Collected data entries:
^^^^

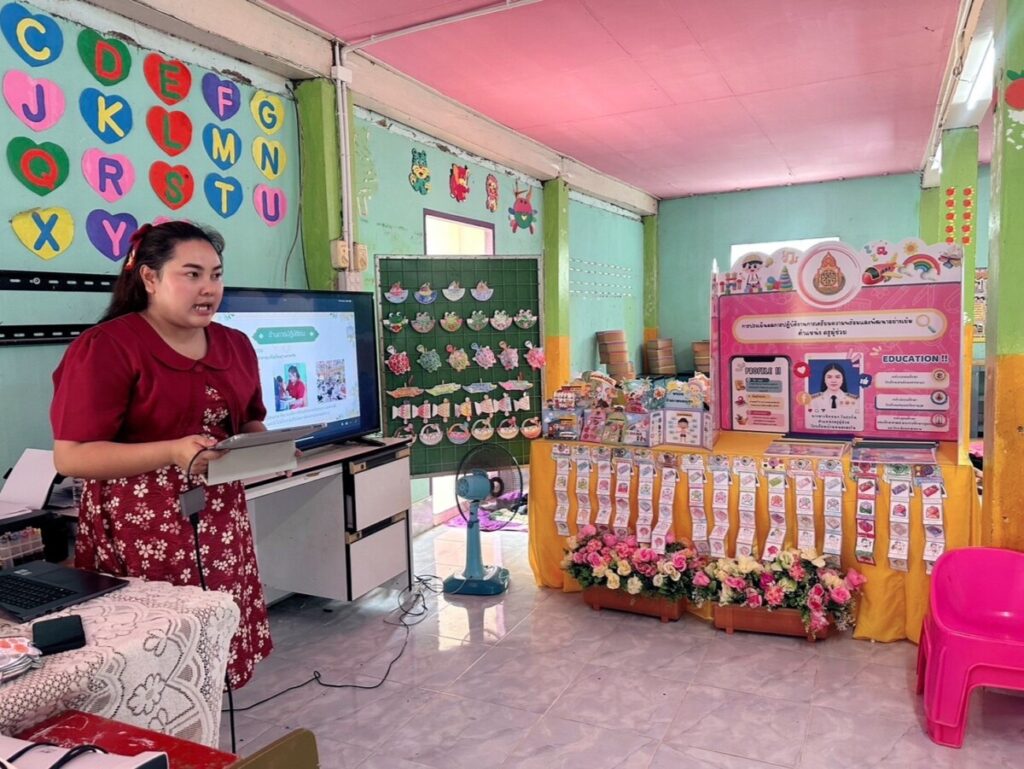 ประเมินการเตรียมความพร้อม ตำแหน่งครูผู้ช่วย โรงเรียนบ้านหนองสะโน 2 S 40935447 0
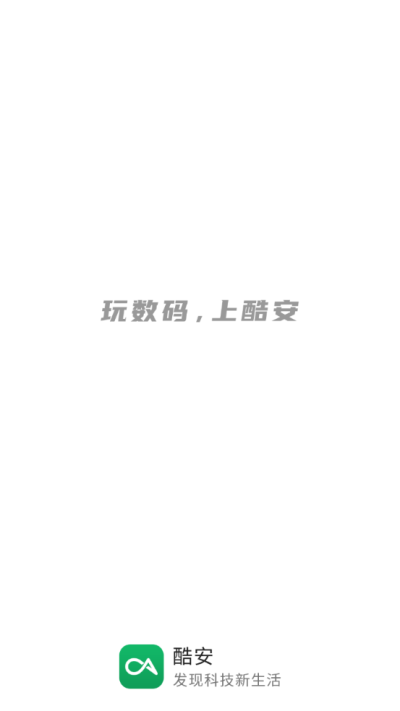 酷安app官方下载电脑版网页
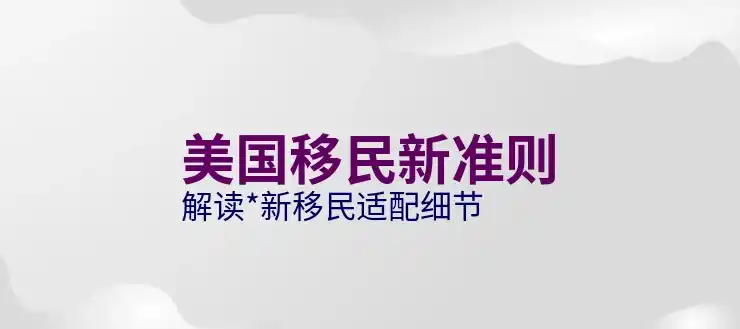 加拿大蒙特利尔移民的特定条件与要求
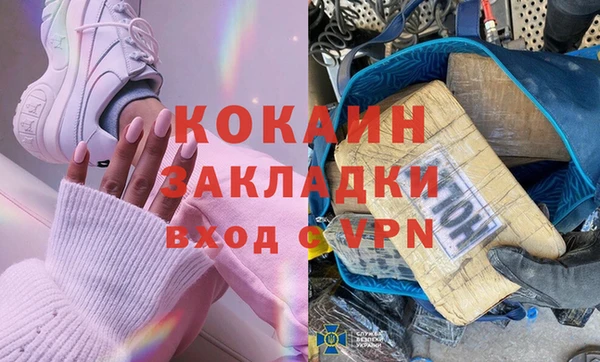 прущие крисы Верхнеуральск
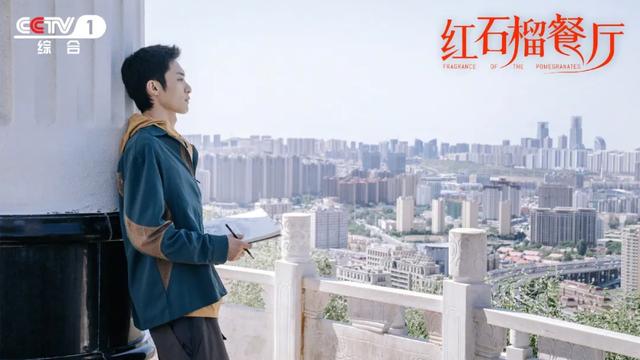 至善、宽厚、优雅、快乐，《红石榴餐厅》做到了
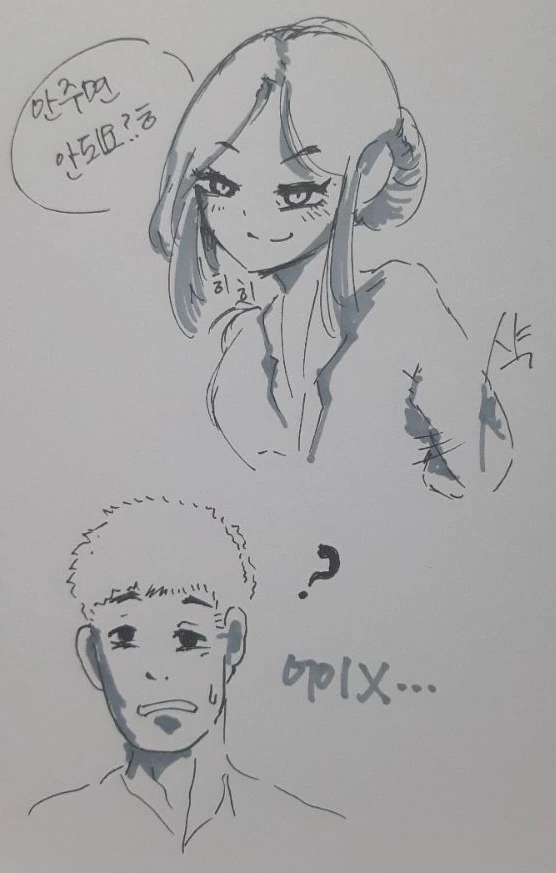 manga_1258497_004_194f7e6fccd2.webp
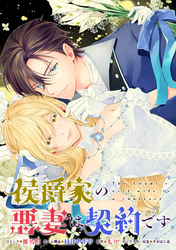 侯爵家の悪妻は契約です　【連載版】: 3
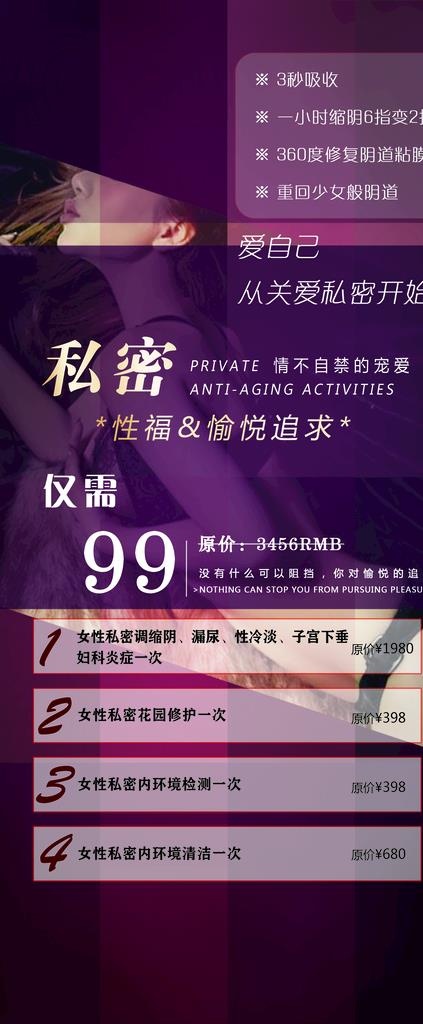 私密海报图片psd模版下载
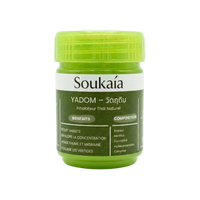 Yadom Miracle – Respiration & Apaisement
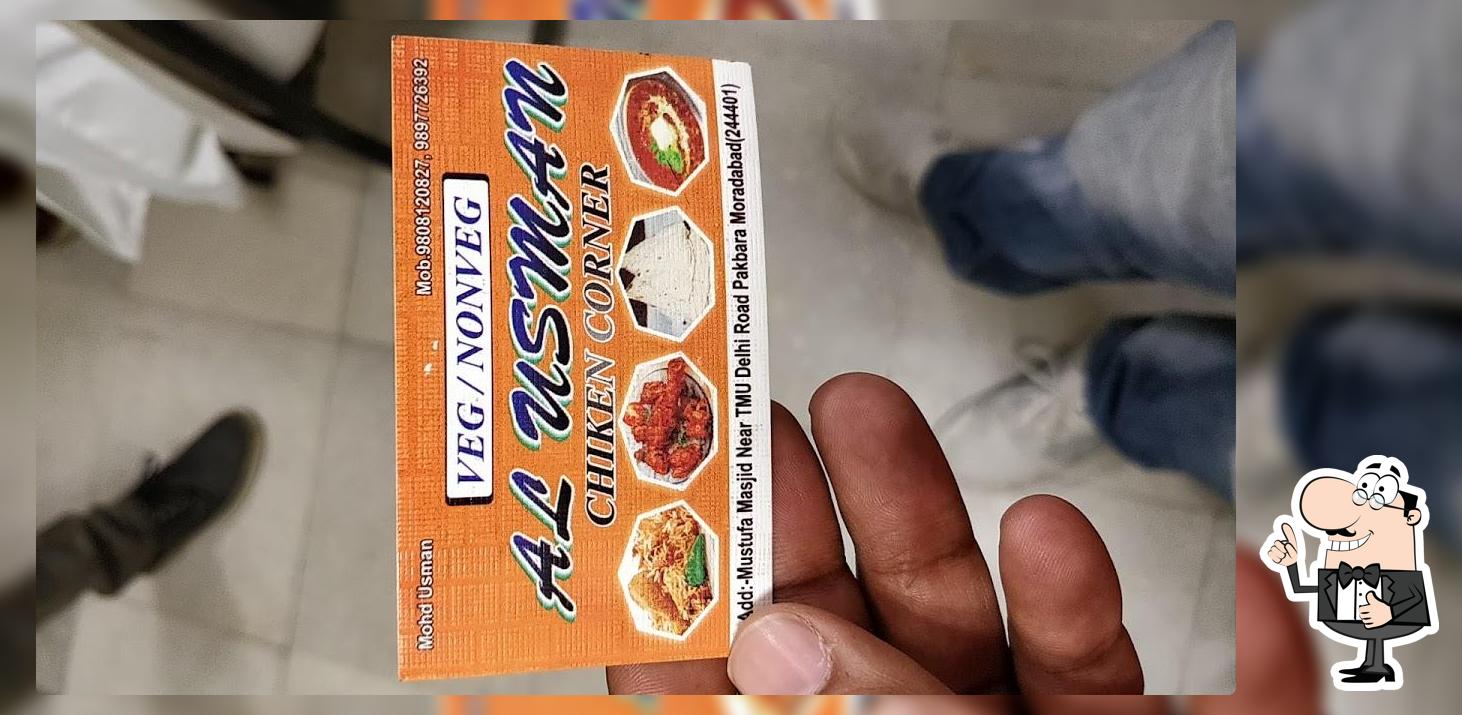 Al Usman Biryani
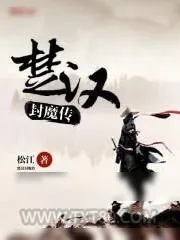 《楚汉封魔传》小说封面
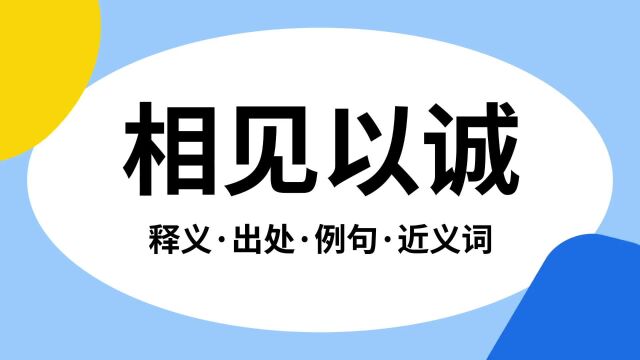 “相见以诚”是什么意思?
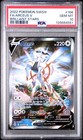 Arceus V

^^^^

Omit all pictures, and repeat exactly the lines from the line containing "侯爵家の悪妻は契約です　【連載版】: 3" through the end of the data.

## Task output
 侯爵家の悪妻は契約です　【連載版】: 3
 私密海报图片psd模版下载
 Yadom Miracle – Respiration & Apaisement
 Al Usman Biryani
 《楚汉封魔传》小说封面
 “相见以诚”是什么意思?
 Arceus V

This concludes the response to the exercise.